◆ **WHAT THE TASK REQUIRES**:
Read the lines of the data below and retrieve those with "Sleeve".

◆ **DATA SUPPLIED**:

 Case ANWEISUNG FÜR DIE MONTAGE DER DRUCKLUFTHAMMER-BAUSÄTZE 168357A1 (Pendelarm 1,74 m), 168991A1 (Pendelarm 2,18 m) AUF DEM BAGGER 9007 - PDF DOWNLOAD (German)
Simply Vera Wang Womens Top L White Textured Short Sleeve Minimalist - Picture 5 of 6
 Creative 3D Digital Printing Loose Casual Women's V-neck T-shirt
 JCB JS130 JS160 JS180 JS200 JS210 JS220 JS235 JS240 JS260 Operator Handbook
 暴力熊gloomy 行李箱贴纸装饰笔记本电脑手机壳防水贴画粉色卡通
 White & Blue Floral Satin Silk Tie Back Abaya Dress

==

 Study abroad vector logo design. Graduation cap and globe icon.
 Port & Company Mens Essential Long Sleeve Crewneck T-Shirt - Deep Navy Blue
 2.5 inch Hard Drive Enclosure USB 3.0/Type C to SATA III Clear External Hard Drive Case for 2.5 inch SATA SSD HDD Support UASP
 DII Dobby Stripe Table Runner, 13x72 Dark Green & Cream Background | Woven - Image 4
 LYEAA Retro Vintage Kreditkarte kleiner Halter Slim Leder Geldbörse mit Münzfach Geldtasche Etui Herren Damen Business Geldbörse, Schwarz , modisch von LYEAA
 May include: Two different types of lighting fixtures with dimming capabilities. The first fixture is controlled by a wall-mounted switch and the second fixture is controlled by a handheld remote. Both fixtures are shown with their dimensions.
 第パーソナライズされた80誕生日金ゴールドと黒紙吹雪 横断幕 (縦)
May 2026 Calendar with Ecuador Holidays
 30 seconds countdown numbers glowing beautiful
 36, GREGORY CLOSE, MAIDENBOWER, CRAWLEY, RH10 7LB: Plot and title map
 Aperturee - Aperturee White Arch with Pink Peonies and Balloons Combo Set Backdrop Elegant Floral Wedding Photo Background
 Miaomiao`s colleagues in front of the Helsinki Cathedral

---

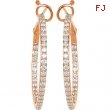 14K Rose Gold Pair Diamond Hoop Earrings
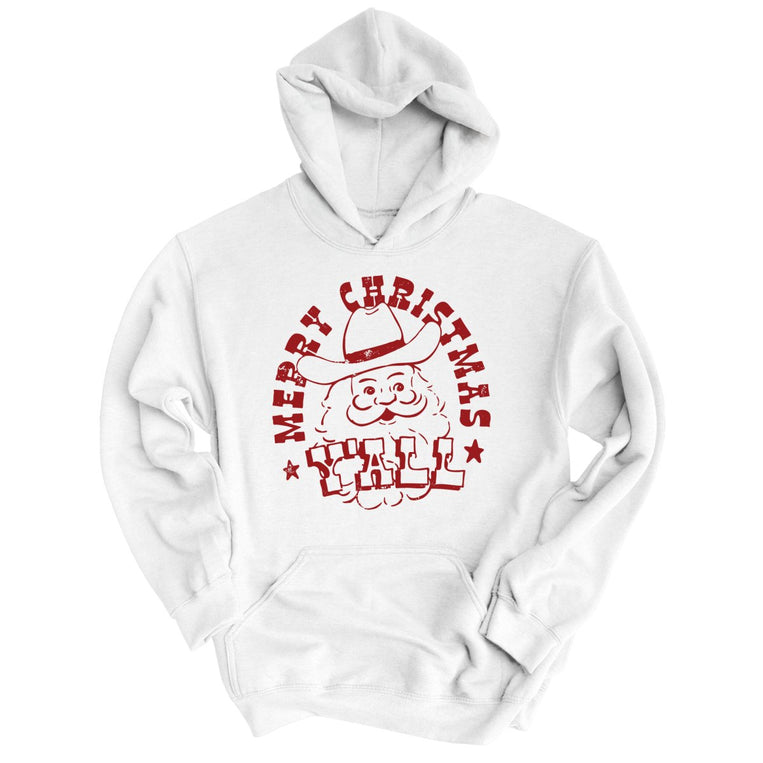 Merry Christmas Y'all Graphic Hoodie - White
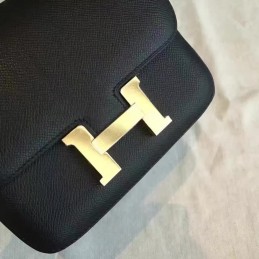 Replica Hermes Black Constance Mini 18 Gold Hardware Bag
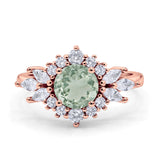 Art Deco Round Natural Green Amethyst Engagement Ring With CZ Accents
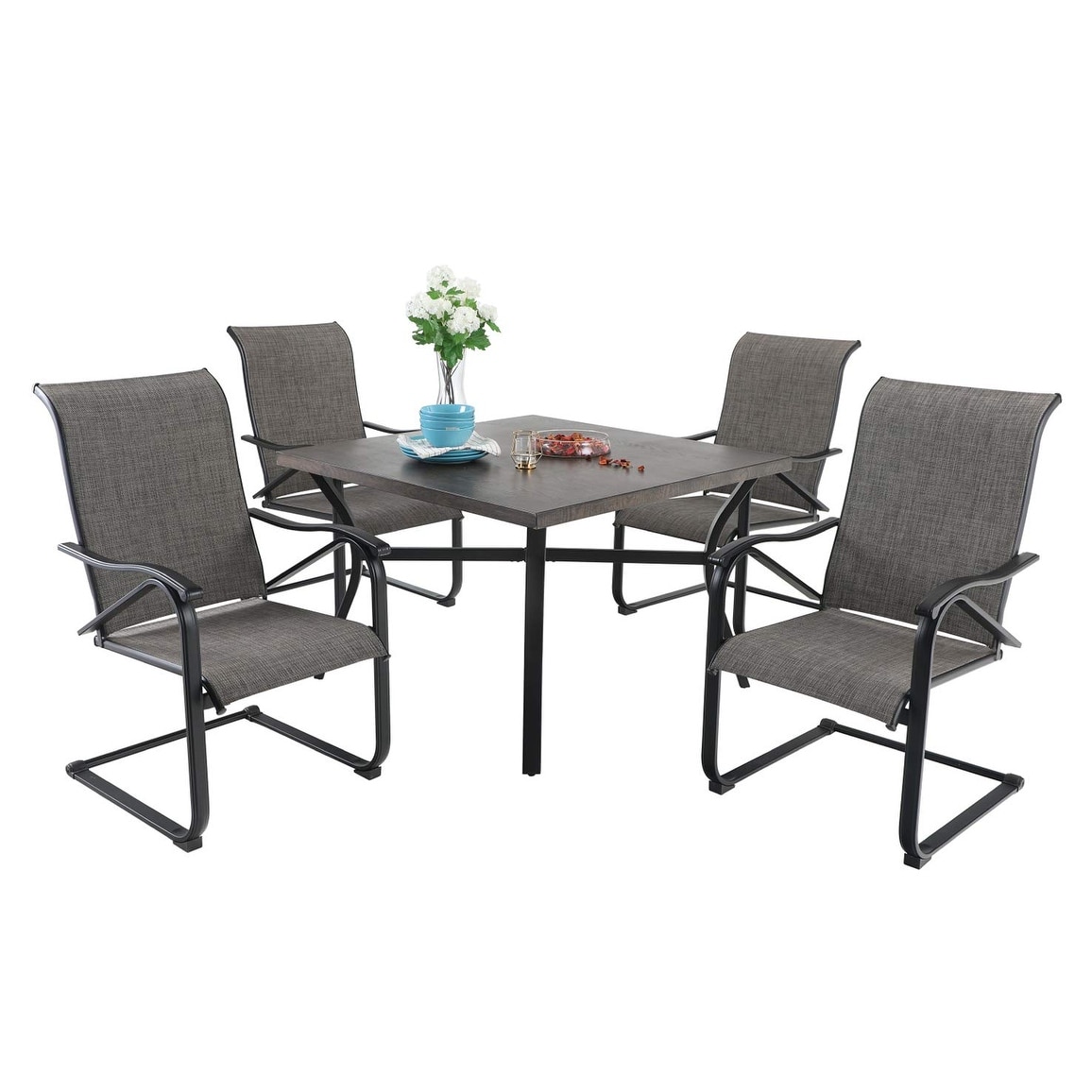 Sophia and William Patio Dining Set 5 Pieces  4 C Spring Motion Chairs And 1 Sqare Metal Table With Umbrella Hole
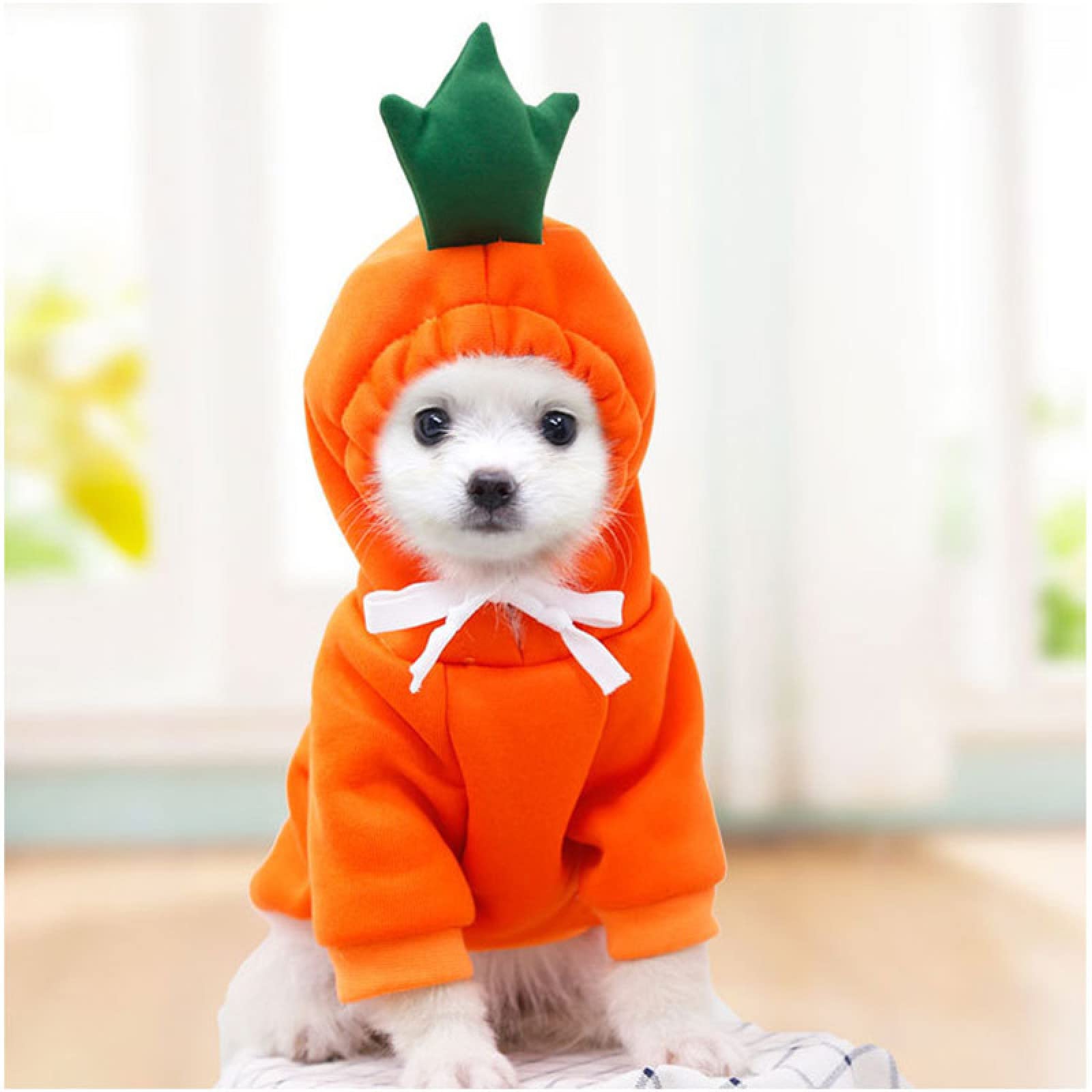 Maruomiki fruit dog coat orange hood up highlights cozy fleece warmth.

◆ **WRITTEN RESPONSE**:
Simply Vera Wang Womens Top L White Textured Short Sleeve Minimalist - Picture 5 of 6
 Port & Company Mens Essential Long Sleeve Crewneck T-Shirt - Deep Navy Blue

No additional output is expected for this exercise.